In all, 50 escapees were shot by German firing squads on the direct of Adolf Hitler. After the war a Scotland Yard detective hunted down and prosecuted the killers. Six of those murdered were Canadians. The other two Canadian escapees have since died. Mr Bethell was one of the 26 survivors.

Only three made it back to England. Two Norwegians took the route Mr Bethell and Mr Long planned, jumping a train to the North Sea port of Stettin and escaping on a Swedish freighter to Sweden. A Dutch flier with the RAF made it by train to Holland, Belgium and then France, and was escorted by the French underground over the Pyrenees to Spain.

Richard Anthony Bethell was born on April 9, 1922, in Dar es Salaam, Tanganyika (now Tanzania) where his father was a colonial administrator. A few years later, his father was transferred to Somaliland and he and his brother were sent to a kindergarten in England. The boys rejoined the family when their father was posted to Gibraltar, where he was state treasurer.

His father died young and the family returned to England. Tony went to a British public school, Sherborne, where he was head boy. Early in the war, he remembered there was an air raid on the school and he was almost expelled for being outside the air-raid shelter.

Mr Bethell joined the Royal Air Force in February of 1942 and was sent to the United States for pilot training in Georgia, Alabama and Florida. After a tour in a training unit at Hawarden, he was posted to No 268 Squadron in June of 1942. Mr Bethell was flying Mustangs, not the P-51 with the Merlin engines, but the earlier model with an Allison engine.
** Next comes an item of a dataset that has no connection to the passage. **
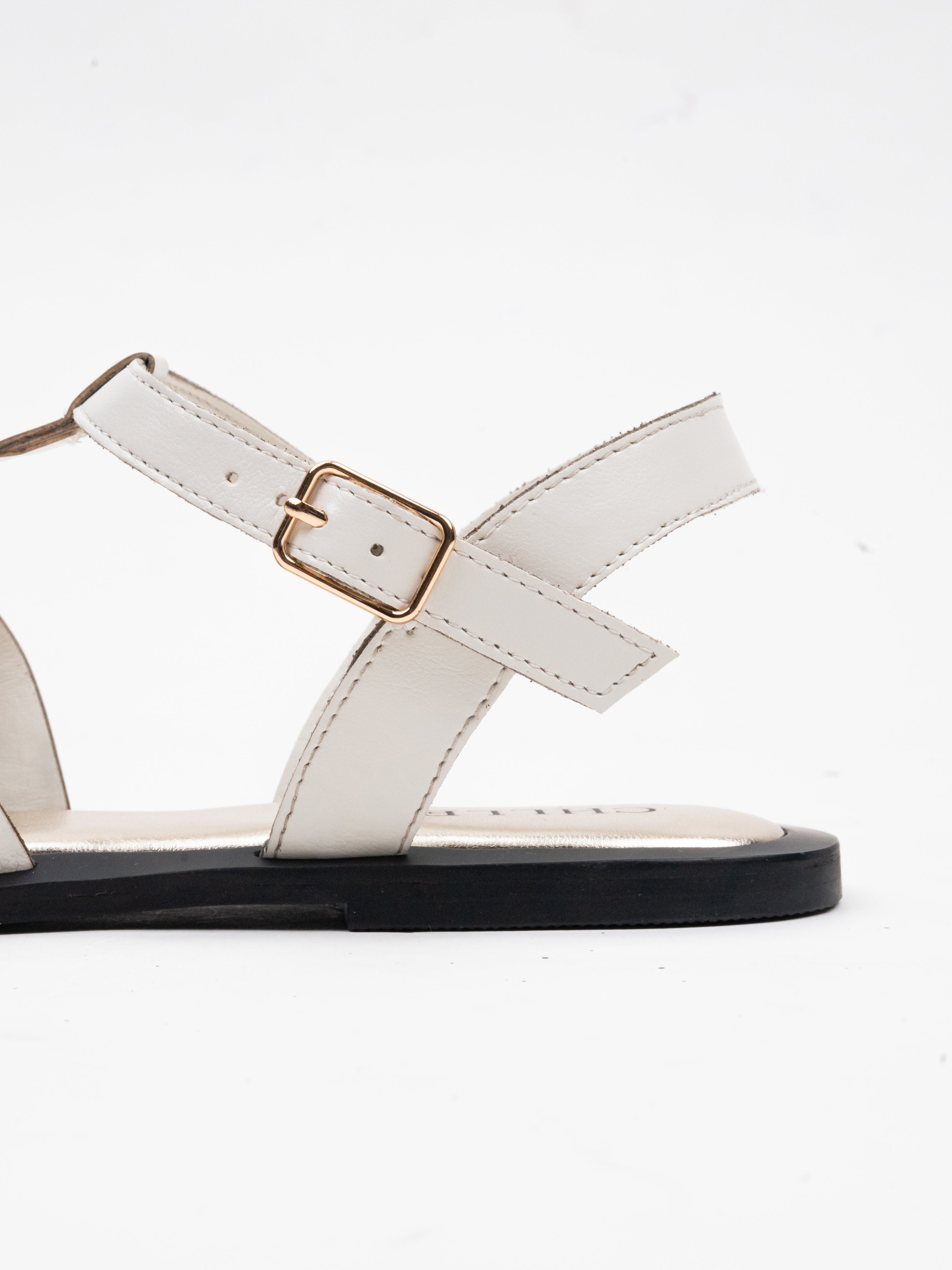 CHLLEN Ivory Studded T-Strap Flat Sandals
Mr Bethell and the other pilots spent much time flying “Rhubarbs”, or low-level sweeps, mostly over the Netherlands. Aircraft from 268 Squadron were the first single-engine aircraft to enter German airspace during the war. On November 26 1942, during an operation over Holland, Mr Bethell spotted and shot down a Luftwaffe Messerschmitt Bf-109 and shortly after sighted a Junkers Ju.52 transport aircraft, which he also shot down.

Eleven days later, Mr Bethell took off at 9.15am and was flying in formation with three other Mustangs when they were hit by flak at the Dutch coast. His aircraft was damaged and hit again when he was no more than 20 feet above the ground. The flak guns were firing level and damaged a local church and train station. He crash-landed the plane around 10.00am on December 7th and was soon captured.
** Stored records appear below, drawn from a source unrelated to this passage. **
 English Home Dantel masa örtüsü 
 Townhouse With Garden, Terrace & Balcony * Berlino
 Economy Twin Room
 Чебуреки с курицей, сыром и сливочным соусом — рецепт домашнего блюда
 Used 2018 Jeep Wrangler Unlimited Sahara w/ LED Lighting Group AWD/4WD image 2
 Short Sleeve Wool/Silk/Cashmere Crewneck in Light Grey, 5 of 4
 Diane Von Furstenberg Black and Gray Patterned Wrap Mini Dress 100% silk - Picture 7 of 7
Mr Bethell was transferred to a jail in Amsterdam and then was moved to Stalag Luft III.

In January 1945, as Russian forces approached the camp, the PoWs were forced to march across Germany for as much as 36 kilometres a day to Tarmstedt, south-west of Hamburg. They ended up in a naval prison and were freed on May 2, three days before the close of the war in Europe.

After the war, Mr Bethell worked for the Red Sea department of a trading company that operated in Africa. He was stationed in Khartoum in Sudan and then Addis Ababa in Ethiopia. But he became bored with the work and in 1949 he rejoined the RAF. From 1950 to 1952, he was aide-de-camp to Air Marshal Breakey in Washington.

In 1955, he left the RAF and had to make a decision about whether to move to Canada or the United States. He chose Canada because of the British connection. He arrived in Montreal and worked for the brokerage firm W C Pitfield. Then he worked for Canadian International Investment Trust and Elican, a Belgian company.

Later he moved into money management and ran the portfolio of a member of the Bronfman family. He travelled to England often and attended several reunions of Great Escape veterans as well as the memorial service at St Clement Danes in 1994 on the 50th anniversary of the Great Escape.

Mr Bethell also spent time researching and writing his own history of the Great Escape, A Glimpse at Stalag Luft III (north compound). It is a mixture of diary entries, many drawings and a precise account of how the Great Escape was carried out. There are also lists of the men killed and the men who survived.

In the early 1990s he retired, left Montreal and he and his wife Lorna moved to a farm in Caledon, north-west of Toronto, where he spent a great deal of time on a John Deere tractor cutting fallow hay fields with a bush hog. He leaves his wife and four children from an earlier marriage and three stepchildren. A son died last year.